-- MATERIAL SUPPLIED follows --

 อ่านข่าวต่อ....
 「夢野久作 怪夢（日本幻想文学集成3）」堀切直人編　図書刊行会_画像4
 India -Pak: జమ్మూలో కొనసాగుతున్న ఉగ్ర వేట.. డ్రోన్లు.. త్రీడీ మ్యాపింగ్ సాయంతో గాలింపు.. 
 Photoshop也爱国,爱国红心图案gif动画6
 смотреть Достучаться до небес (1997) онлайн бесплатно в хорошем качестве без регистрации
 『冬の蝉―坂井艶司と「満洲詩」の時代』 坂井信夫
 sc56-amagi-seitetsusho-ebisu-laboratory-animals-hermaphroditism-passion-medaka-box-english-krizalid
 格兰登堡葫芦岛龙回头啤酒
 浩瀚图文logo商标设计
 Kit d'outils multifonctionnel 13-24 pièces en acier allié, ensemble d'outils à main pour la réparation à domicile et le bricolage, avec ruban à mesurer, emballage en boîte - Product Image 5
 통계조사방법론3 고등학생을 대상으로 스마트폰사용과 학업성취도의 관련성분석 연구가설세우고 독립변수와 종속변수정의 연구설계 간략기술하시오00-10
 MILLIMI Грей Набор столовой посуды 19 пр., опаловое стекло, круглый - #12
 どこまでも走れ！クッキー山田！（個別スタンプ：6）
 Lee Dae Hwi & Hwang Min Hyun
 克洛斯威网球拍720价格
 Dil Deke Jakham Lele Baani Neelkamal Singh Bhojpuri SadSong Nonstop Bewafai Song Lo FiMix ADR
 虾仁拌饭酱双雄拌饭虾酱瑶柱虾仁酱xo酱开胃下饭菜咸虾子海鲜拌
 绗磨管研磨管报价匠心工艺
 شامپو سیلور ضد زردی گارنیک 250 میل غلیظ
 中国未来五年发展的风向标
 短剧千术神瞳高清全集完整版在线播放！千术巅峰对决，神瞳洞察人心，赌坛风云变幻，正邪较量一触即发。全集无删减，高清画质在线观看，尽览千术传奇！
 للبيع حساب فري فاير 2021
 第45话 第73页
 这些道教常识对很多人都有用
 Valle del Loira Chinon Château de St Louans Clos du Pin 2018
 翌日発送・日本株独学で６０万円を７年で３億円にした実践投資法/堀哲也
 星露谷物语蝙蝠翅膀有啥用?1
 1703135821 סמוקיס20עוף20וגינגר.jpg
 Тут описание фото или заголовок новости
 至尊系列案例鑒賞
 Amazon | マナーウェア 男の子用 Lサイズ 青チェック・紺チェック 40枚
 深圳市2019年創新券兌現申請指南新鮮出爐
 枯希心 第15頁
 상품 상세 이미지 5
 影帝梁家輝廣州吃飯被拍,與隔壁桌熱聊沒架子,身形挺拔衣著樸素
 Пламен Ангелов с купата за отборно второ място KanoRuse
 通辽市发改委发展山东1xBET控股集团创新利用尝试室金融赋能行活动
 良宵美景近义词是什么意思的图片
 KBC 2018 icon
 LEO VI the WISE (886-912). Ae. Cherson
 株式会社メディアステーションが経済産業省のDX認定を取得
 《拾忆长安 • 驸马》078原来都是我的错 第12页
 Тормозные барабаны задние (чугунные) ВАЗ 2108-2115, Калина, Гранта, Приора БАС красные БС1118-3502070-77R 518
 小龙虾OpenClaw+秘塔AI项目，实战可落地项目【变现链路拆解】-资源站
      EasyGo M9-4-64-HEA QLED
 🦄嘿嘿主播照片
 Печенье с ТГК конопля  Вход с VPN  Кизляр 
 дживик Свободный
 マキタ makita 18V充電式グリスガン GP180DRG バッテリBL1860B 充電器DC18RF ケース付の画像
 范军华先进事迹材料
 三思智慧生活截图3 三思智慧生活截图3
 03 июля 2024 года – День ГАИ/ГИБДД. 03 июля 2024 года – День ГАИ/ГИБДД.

-- MATERIAL SUPPLIED concluded --

# [WHAT YOU NEED TO DO]
Beginning with the line above that contains "Photoshop也爱国,爱国红心图案gif动画6", copy each line exactly up to and including the line that contains "Kit d'outils multifonctionnel", and go no further.

# [SOLUTION TO THE PROBLEM]
 Photoshop也爱国,爱国红心图案gif动画6
 смотреть Достучаться до небес (1997) онлайн бесплатно в хорошем качестве без регистрации
 『冬の蝉―坂井艶司と「満洲詩」の時代』 坂井信夫
 sc56-amagi-seitetsusho-ebisu-laboratory-animals-hermaphroditism-passion-medaka-box-english-krizalid
 格兰登堡葫芦岛龙回头啤酒
 浩瀚图文logo商标设计
 Kit d'outils multifonctionnel 13-24 pièces en acier allié, ensemble d'outils à main pour la réparation à domicile et le bricolage, avec ruban à mesurer, emballage en boîte - Product Image 5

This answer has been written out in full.